Yes, I have played cricket... minimally. My friends would drag me from bed and make me play. They would tell me that I throw like a girl.

Yes, I'm actually playing cricket, early morning. Where's the ball, guys?

How insulting! For the girls. I throw more like an inebriated granny after five pegs of Bacardi. But who's evaluating? That still didn't stop my friends from dragging me to the field at six o'clock in the morning. Sadly, that was the pitiful beginning and end to the scope of my cricket playing.

In 2010, I wrote a blog about Sachin hitting 200 runs in a One Day. Yeah, I am no sports commentator! I hardly know how to set up the wickets! So it's not really about his 200 runs, but more about... well, I'll let you read it (below)...

Cricket has found a god

At age 36 and twenty years at the international level of the game, Sachin Tendulkar still has more magic than any player from the hidden corner of New Zealand to cricket's own motherland, the UK. Homegrown in Mumbai, Tendulkar was the first player to ever score 200 runs in a One Day International cricket match. This morning, Indian newspapers splashed Tendulkar's photo with the bold heading, "God!"

Cricket has found a god

As the British Empire expanded throughout the world, cricket planted itself on local fields. Only yesterday I was thinking, probably at any given time in the world, somebody somewhere is playing cricket. Be it under massive stadium lights or in the crazily narrow gulleys of Varanasi, with a $100 bat or with one of those plastic ones that hang from the windows of village shops, someone somewhere is aiming for that "six" over the rainbow.

But one question that I have is: How has something so symbolic of the British Raj become so embedded into Indian soil so as to become the universal religion of India? Elevating Sachin to be Indian god number three hundred thirty thousand and one.

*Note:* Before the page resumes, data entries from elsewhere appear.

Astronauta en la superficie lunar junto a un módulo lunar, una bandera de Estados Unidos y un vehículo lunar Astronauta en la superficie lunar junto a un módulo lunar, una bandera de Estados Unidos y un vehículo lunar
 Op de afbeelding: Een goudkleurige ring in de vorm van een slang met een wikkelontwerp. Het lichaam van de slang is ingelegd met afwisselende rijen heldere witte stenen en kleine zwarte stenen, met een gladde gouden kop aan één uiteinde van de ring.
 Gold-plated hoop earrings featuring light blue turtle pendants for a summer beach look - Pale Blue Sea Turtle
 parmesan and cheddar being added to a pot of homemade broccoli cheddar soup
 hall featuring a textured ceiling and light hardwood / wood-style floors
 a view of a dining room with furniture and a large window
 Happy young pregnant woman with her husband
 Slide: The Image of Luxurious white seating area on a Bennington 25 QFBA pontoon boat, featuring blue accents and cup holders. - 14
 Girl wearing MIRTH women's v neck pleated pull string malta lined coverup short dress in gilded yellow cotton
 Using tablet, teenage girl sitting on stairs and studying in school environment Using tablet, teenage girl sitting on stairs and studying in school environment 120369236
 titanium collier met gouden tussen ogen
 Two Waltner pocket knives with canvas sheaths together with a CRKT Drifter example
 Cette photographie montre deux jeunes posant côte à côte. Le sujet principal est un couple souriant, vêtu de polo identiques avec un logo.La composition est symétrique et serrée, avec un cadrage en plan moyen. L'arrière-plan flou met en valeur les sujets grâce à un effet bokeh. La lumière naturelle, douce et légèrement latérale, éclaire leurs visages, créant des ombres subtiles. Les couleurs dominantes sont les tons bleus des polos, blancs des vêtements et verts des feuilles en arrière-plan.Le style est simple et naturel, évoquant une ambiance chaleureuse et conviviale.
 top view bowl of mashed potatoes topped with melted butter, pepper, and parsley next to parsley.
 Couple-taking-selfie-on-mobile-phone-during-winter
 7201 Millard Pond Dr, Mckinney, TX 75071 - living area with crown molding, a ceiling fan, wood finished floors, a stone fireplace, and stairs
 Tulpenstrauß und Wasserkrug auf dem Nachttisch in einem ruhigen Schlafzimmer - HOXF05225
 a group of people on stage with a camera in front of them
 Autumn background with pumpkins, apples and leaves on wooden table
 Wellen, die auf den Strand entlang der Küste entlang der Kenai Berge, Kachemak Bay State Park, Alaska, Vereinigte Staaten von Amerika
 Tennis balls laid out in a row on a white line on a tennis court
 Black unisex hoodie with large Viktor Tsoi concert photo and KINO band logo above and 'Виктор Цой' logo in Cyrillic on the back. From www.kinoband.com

The initial official matches held in Bombay have the "Europeans" against the "Parsees", and then at some point the "Hindus" became a team. As the game gained popularity among local people, it also became a unifying force: Many believe it encouraged the concept of nationhood for Indians and proved to be a turning point in India’s struggle for independence.*

So what are we saying here? Was cricket the ironic cause of the fall of the British Raj? Should Gandhi-ji have used his walking stick to hit "fours" and "sixes" instead of wielding it for ahimsa? On another note: Could Sachin Tendulkar now wield his powers for Gandhian feats? Well, according to Peter Roebuck, it's probably a no go for Tendulkar:
"The runs, the majesty, the thrills, do not capture his achievement. Reflect upon his circumstances and then marvel at his feat. Here is a man obliged to put on disguises so that he can move around the streets, a fellow able to drive his cars only in the dead of night for fear of creating a commotion, a father forced to take his family to Iceland on holiday, a person whose entire adult life has been lived in the eye of a storm."
It seems like being more popular than Jesus has its down sides. Even gods have to take a break some time. [Reposted from February 25, 2010]

And for his own sake, I'm glad he finally has.

But as I also said in my SMS to my friend: "What's next? Rajneeti [politics]?"

Who knows? Gods don't rest for too long.